▸ **Your task**
Write out again, exactly as they appear, the lines from the start of the data below through the line with "8 Nicks Rock"; no pictures.

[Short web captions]
◇ ◇ ◇ ◇ ◇

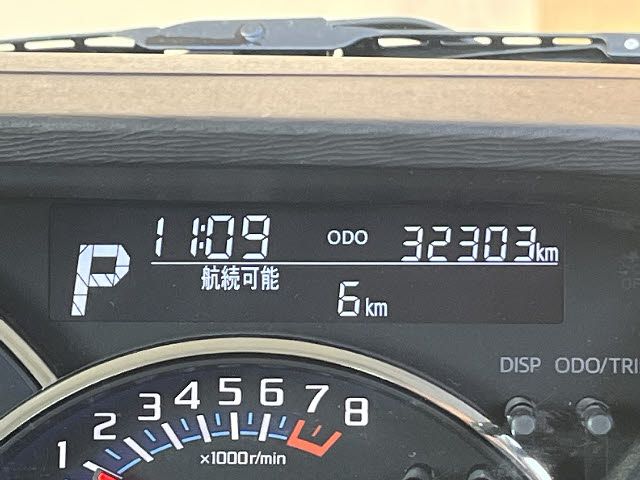 DAIHATSU TANTO CUSTOM 4WD 2017 Image 31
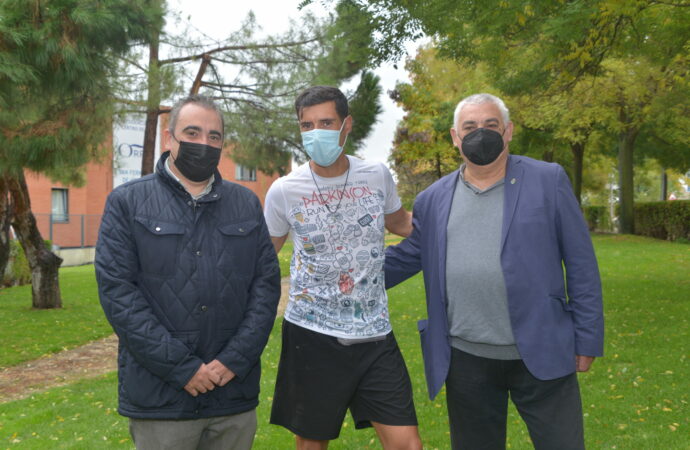 Un paseo verde de San Fernando lleva ya el nombre de Fernando Cáliz, quien corrió 200 kilómetros durante 24 horas por el Párkinson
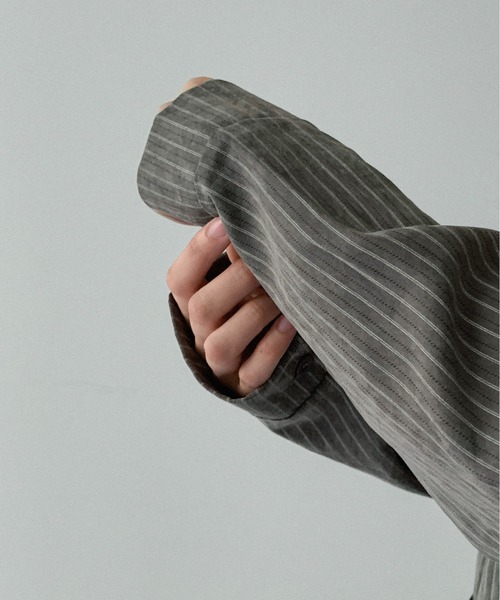 on:nue（オンニュ）の「【on:nue】[着用動画あり！/ユニセックス] とろみストライプオーバーシャツ（シャツ/ブラウス・レディース・アイボリー/グレー/ダークベージュ/ブラウン・FREE）」の10枚目の写真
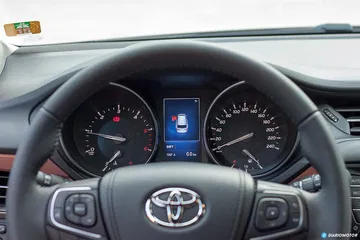 Toyota Avensis 2015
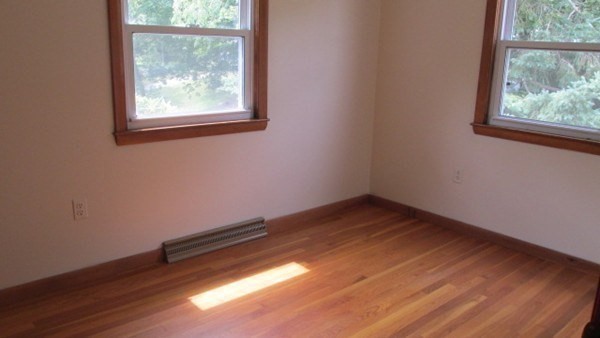 8 Nicks Rock Road Plymouth, MA 02360 - Photo 9 of 12 Gallery Image 9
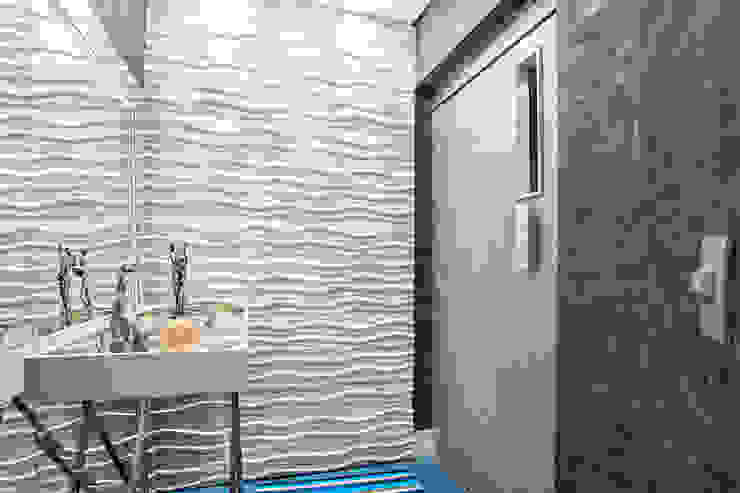 Amanda Pinheiro Design de interiores Modern corridor, hallway & stairs
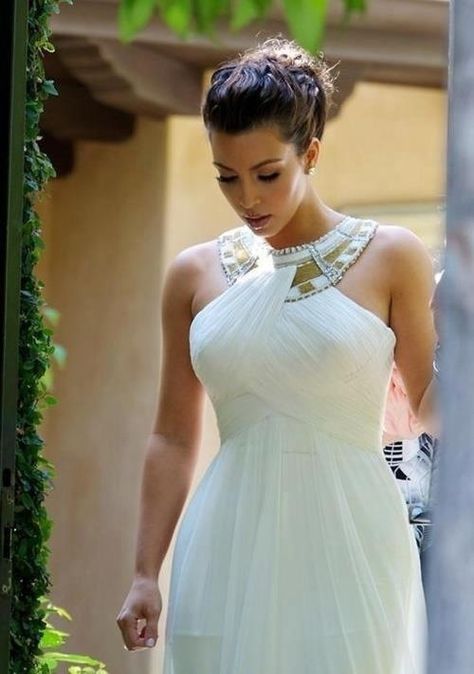 ancient Egyptian Greece roman dress with neck collar Egyptian Wedding, Greek Goddess Dress, Estilo Kardashian, Grecian Dress, Kim Dress, Kim Kardashian Style, Goddess Dress, Kardashian Style, Inspirational Celebrities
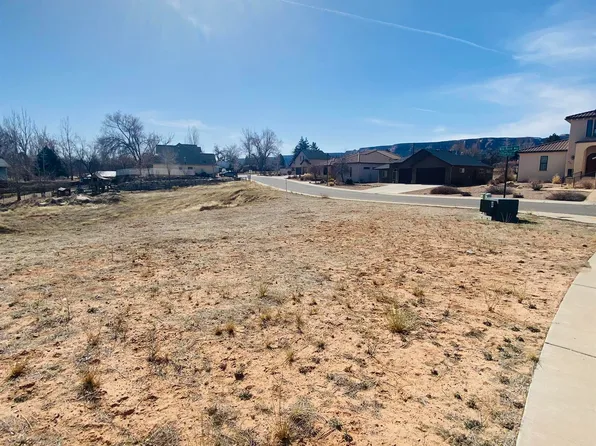 2121 Riverbend Ct, Grand Junction, CO 81507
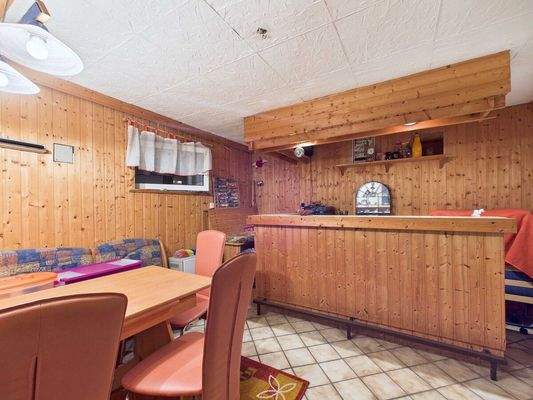 Attraktives Mehrfamilienhaus in VK-Röchlinghöhe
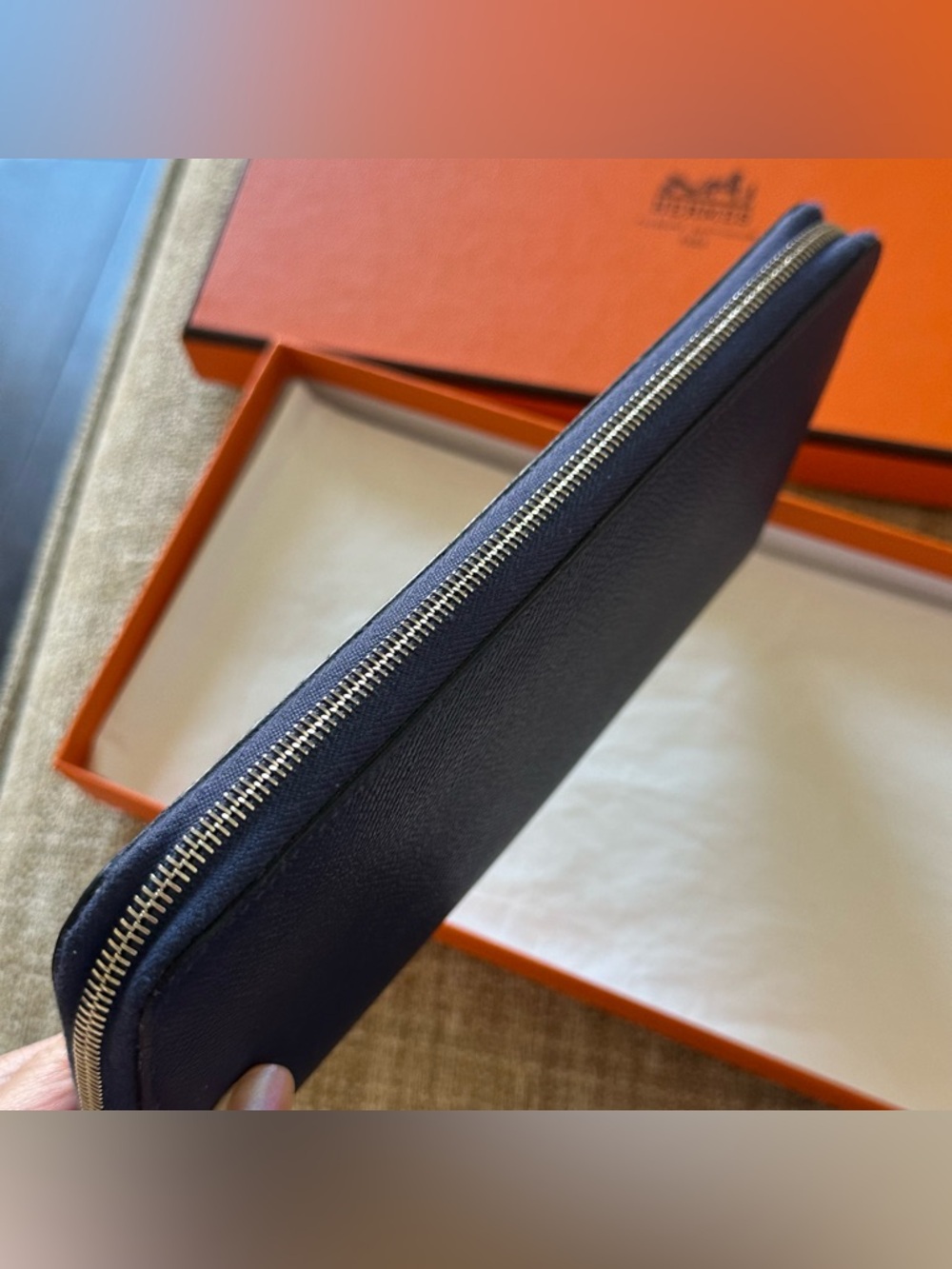Hermès Hermes Long Zipped Wallet Silk in Blue Leather - Picture 10 of 16
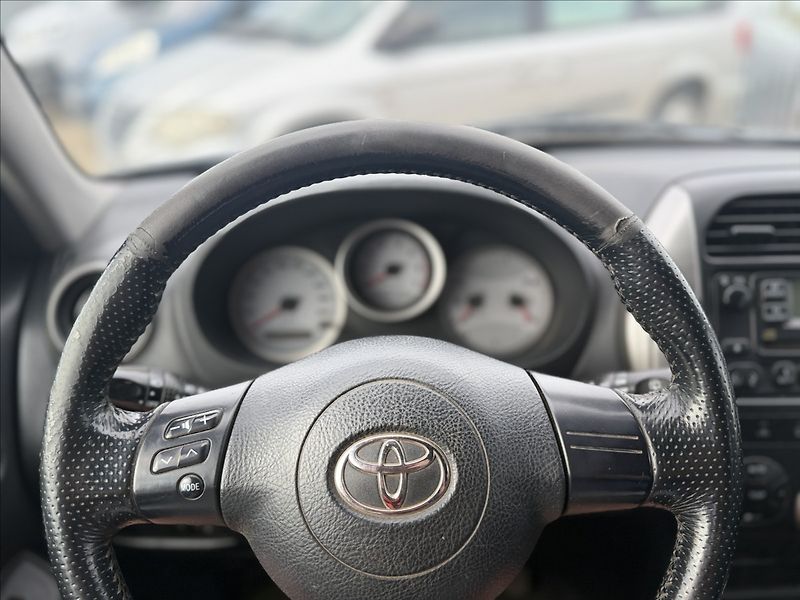 Toyota RAV4 2,0 D-4D 4X4 TAŽNÉ - fotka 12 z 22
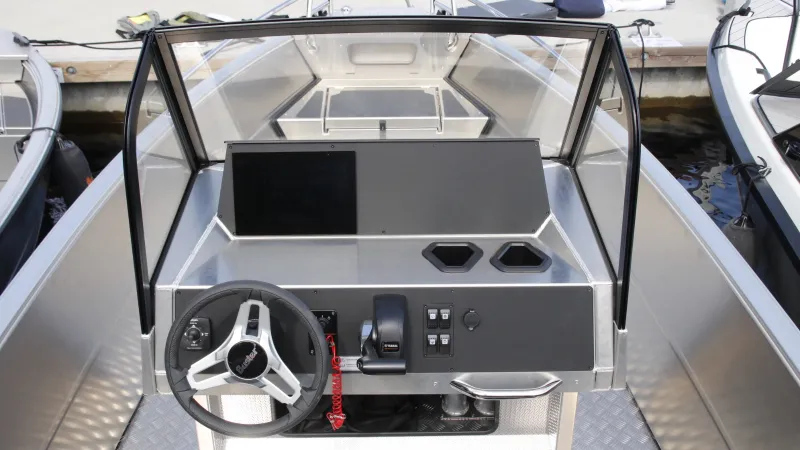 Buster XL CC motor boat console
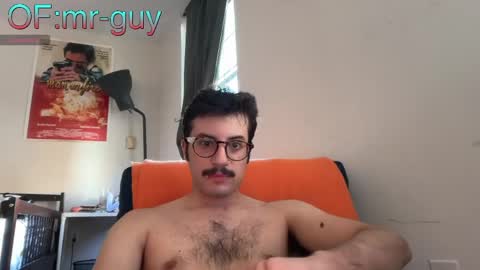Snapshot of _mrguy_ chatting on 04/11/26, 08:46 _mrguy_ online show from 04/11/26, 08:46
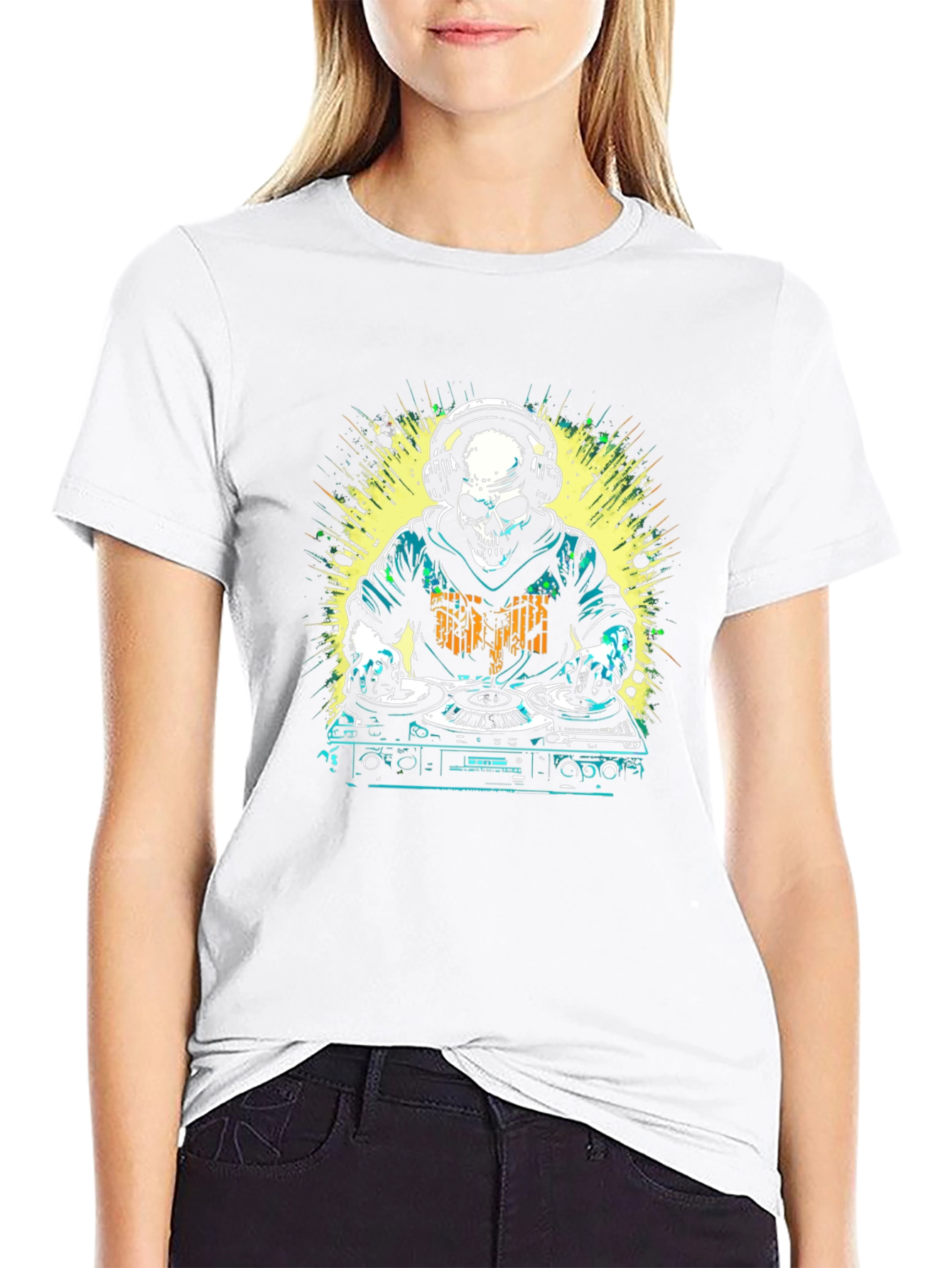 DJ Skull Graphic T-Shirt - Music Lover Tee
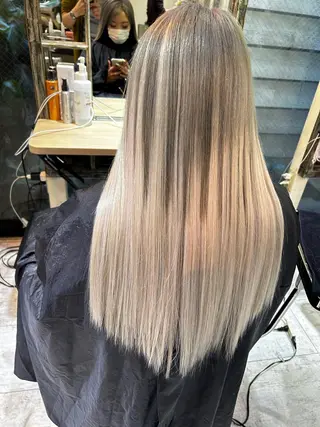 ロング カラー ササ キのヘアスタイル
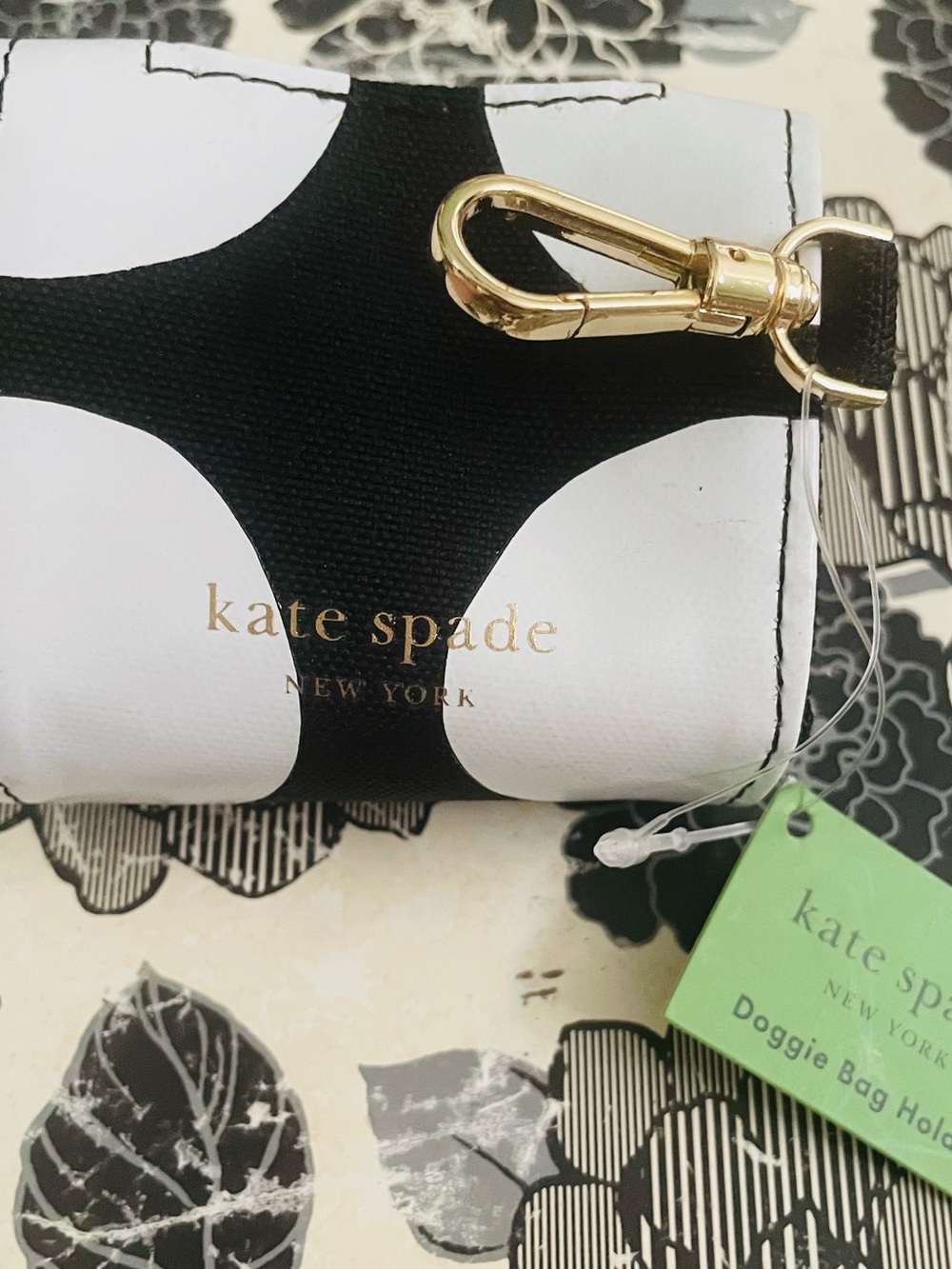 kate spade Black & White Polka Dot Mini Doggie Bag Holder with Gold Clip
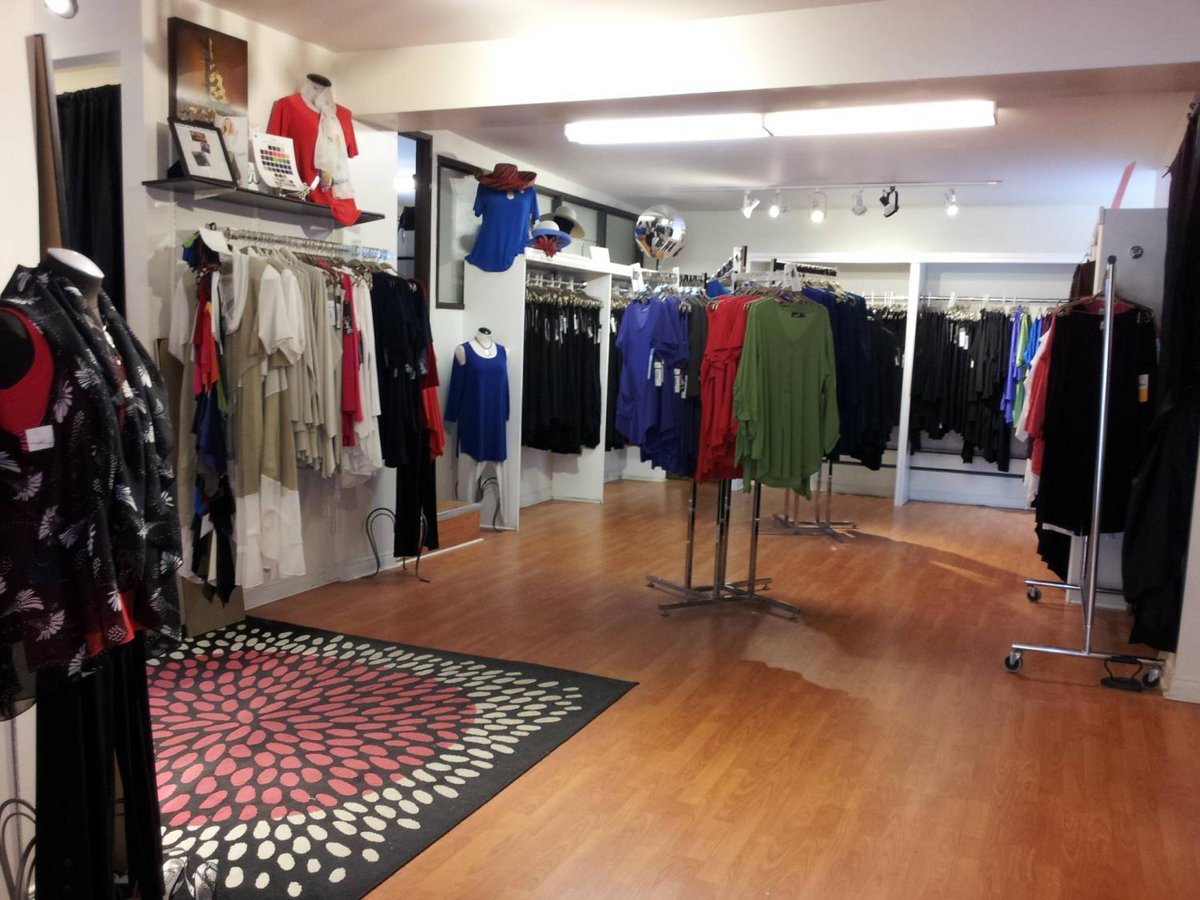 ottawalifers's tweet image. Get in style with #Ottawa's Best Boutiques: bit.ly/2veyNRk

◇ ◇ ◇ ◇ ◇

▸ **Exercise solution**
 DAIHATSU TANTO CUSTOM 4WD 2017 Image 31
 Un paseo verde de San Fernando lleva ya el nombre de Fernando Cáliz, quien corrió 200 kilómetros durante 24 horas por el Párkinson
 on:nue（オンニュ）の「【on:nue】[着用動画あり！/ユニセックス] とろみストライプオーバーシャツ（シャツ/ブラウス・レディース・アイボリー/グレー/ダークベージュ/ブラウン・FREE）」の10枚目の写真
 Toyota Avensis 2015
 8 Nicks Rock Road Plymouth, MA 02360 - Photo 9 of 12 Gallery Image 9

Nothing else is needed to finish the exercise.